Come molti termini inglesi, “social” è difficilmente traducibile in italiano perché non è solo un termine, ma è una dinamica culturale, un modo di essere insieme e di vivere esperienze, cultura, vita di tutti i giorni come comunità e dove il gruppo è più importante del singolo.

Per una marca, essere social vuol dire far parte di un mondo, portare il suo contributo non alla sua storia ma alla storia di tutto il sistema.

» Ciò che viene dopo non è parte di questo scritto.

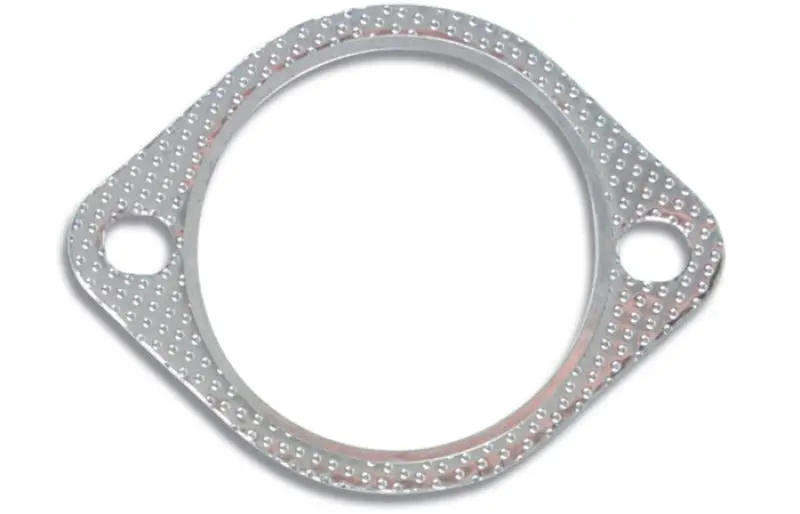 Vibrant 2-Bolt High Temperature Exhaust Gasket (2.5In I.D.) Subaru Brz / Toyota Gr86 / Universal 1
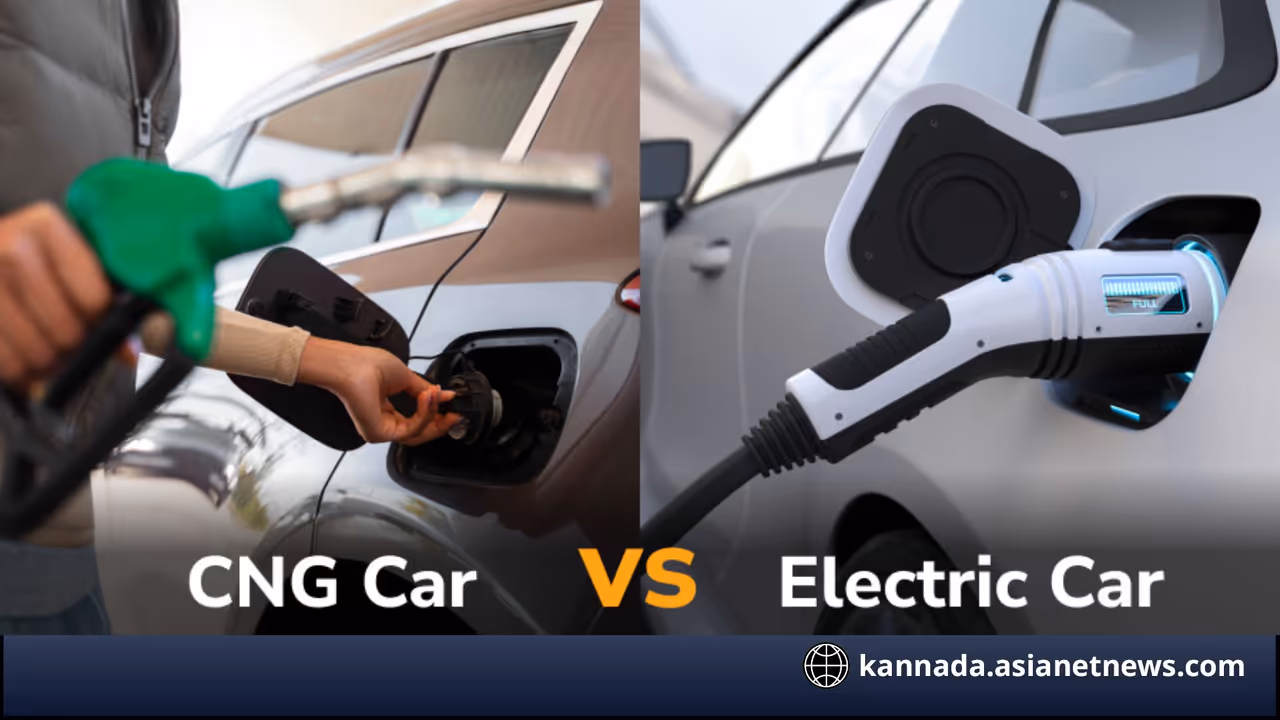 CNG vs EV Which Vehicle Causes Less Pollution? | Eco Friendly Options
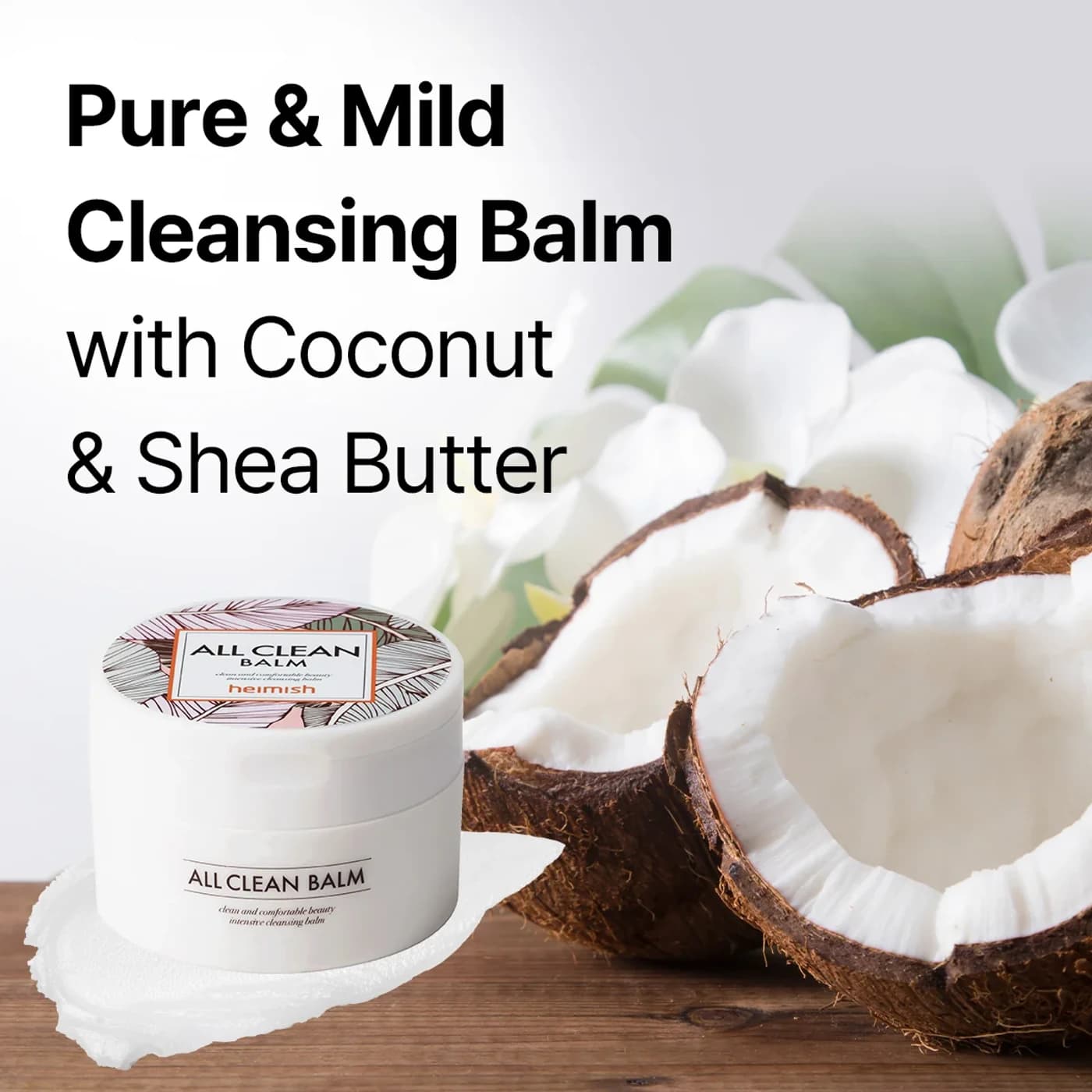 Heimish All Clean Balm — şəkil 2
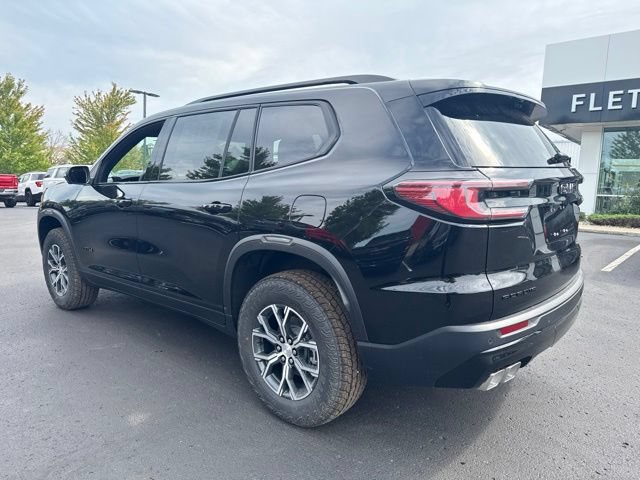 New 2027 GMC Acadia AT4 w/ Luxury Package AWD/4WD image 7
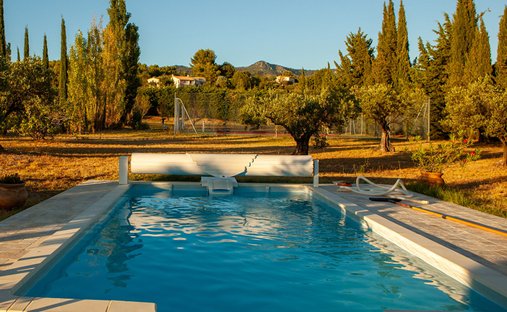 Villa in Aups, Provence-Alpes-Côte d'Azur, France 1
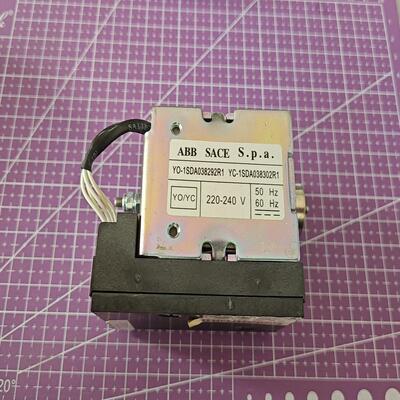 ABB SACE S.p.a，YO-1SDA038292R1~询价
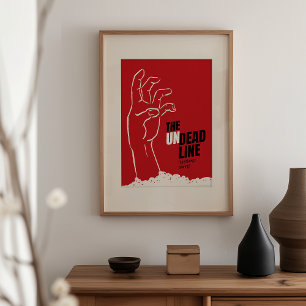 The Un-deadline A3 Movie Poster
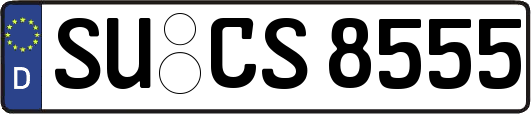 SU-CS8555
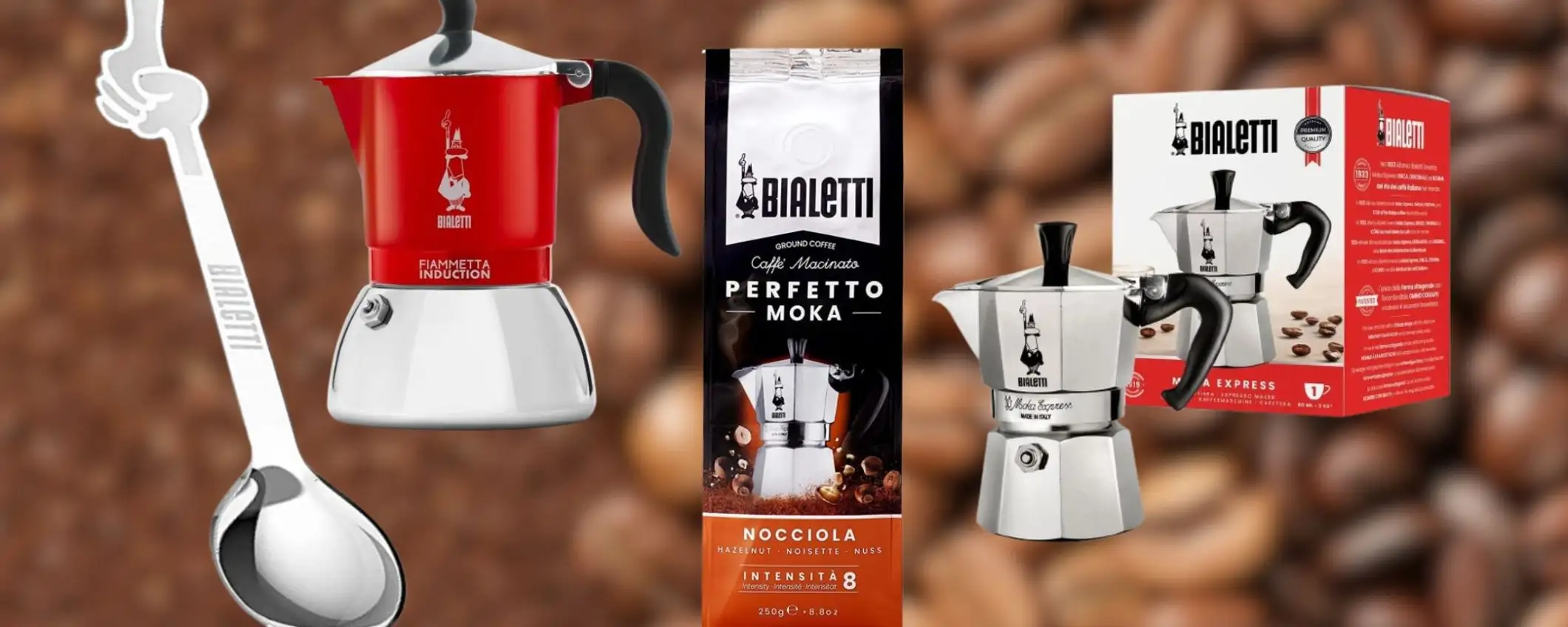 Bialetti da 4,99€ su Amazon super selezione di proposte a prezzi SENSAZIONALI Bialetti da 4,99€ su Amazon super selezione di proposte a prezzi SENSAZIONALI
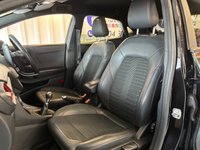 USED 2021 71 FORD PUMA 1.0T EcoBoost MHEV ST-Line X SUV 5dr Petrol Manual Euro 6 (s/s) (155 ps)+2 KEYS+1 OWNER FROM NEW+CRUISE+HISTORY+HALF LEATHER SEATS+CLIMATE+PARK CONTROL+BLUETOOTH+MEDIA+ALLOYS+NAV+USB+AUX+DAB+ 2 KEYS+1 OWNER FROM NEW+CRUISE+HISTORY+HALF LEATHER SEATS+CLIMATE+PARK CONTROL+BLUETOOTH+MEDIA+ALLOYS+NAV+USB+AUX+DAB+CRUISE+HPI CLEAR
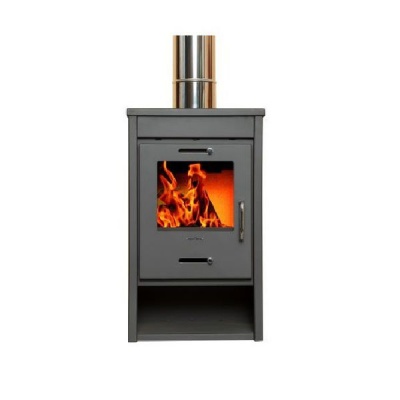 Photo of Hydrofire Deluxe LG - Closed Combustion Fireplace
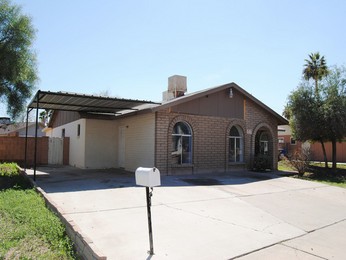 553 West Pantera Avenue, Mesa, AZ 85210 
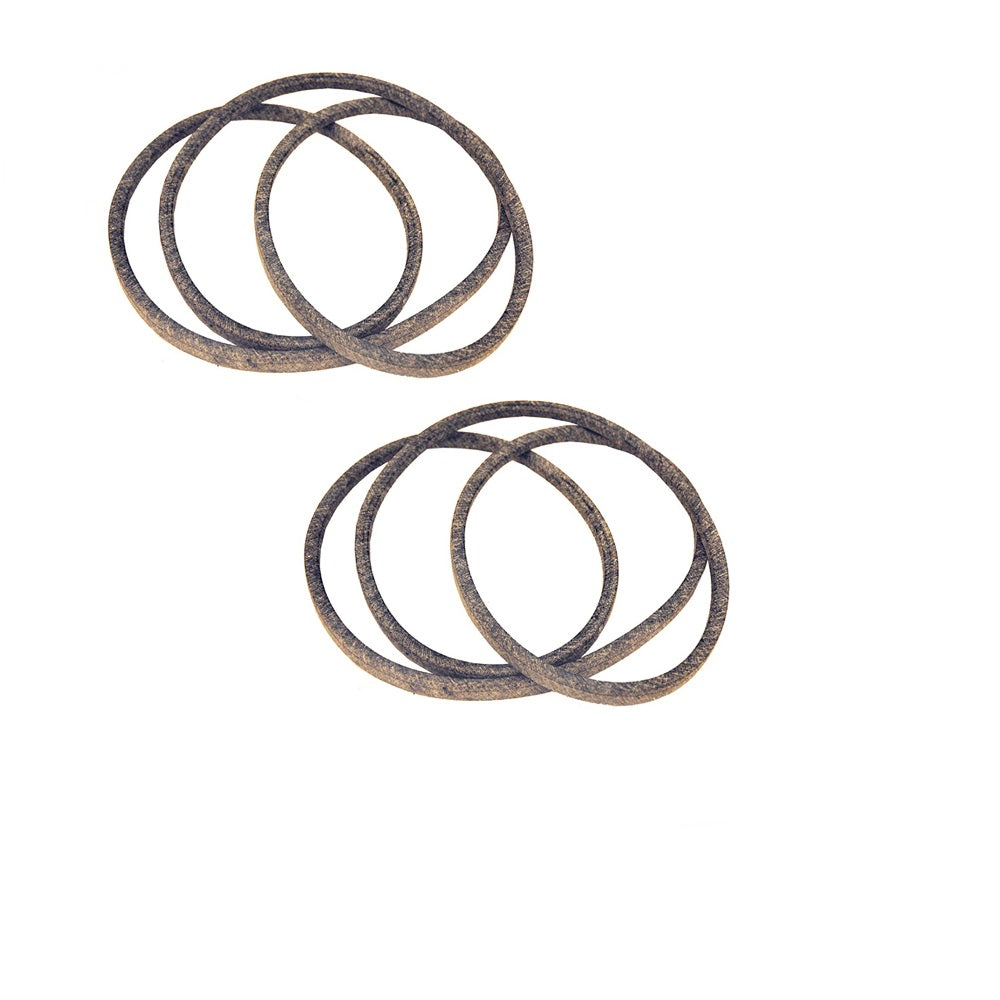 490-501-M018 Qty. 2: V-Belt Fits Columbia RZT-42 RZT-50 ZT-50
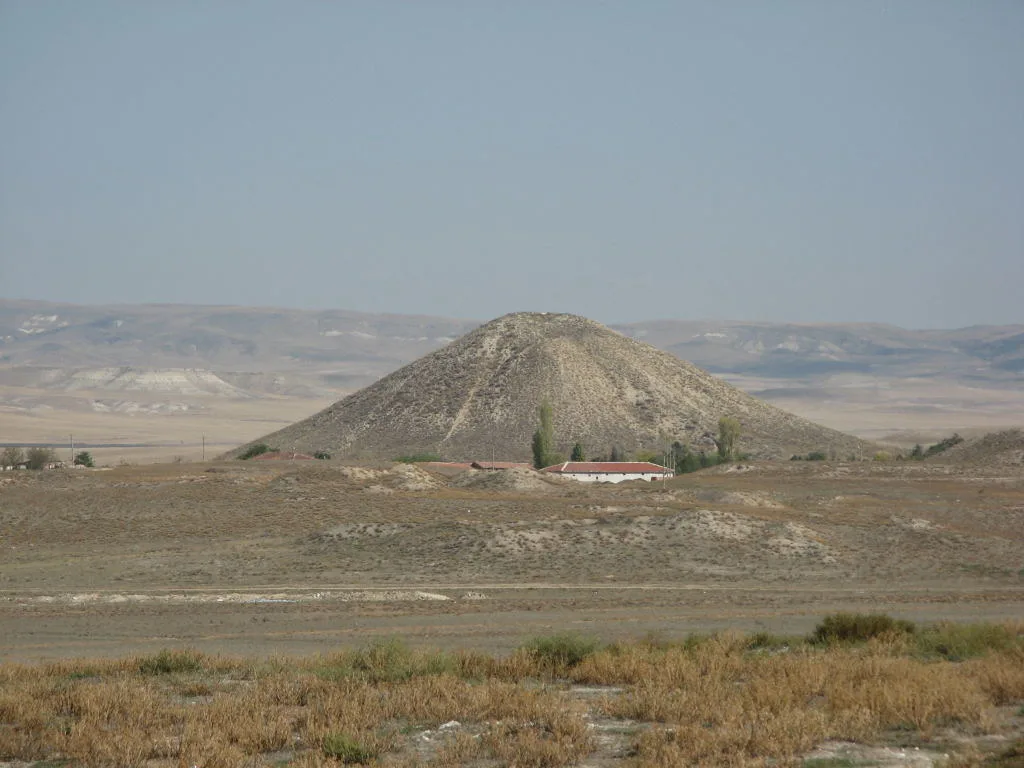 Yassıhöyük - Kırşehir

Per chiarire meglio cosa vuol dire essere Social per un marchio, voglio citare Ceres.
In occasione del #fertilitday, hanno detto la loro, con ironia, e con lo stesso linguaggio di uno di noi. Soprattutto hanno avuto la forza di avere una propria idea (come uno di noi) e di esprimerla.

social media ceres

Il brand ha una sua identità che si esprime, con un pensiero chiaro. Se ragionassimo in termini esclusivamente didattici diremmo che sono sul pezzo, pronti a sfruttare le dinamiche della società e a seguire i flussi culturali ed espressivi della società. Tante belle parole, ma complicate per un concetto che deve essere semplice per essere efficace. Il tema è che una marca prende una posizione, questo sì, ma senza prevaricazioni (come si fa tra buoni amici), con un pizzico di ironia riporta il sorriso e alleggerisce un contesto che in certi momenti è diventato pesante.
La cosa veramente figa, ciò che poi rende il marchio vivo, è stata partecipare alla conversazione che si è sviluppata nei commenti. Alla fine, come in un “social”, se ci fosse stata un po’ di salsa, avrebbero anche ballato.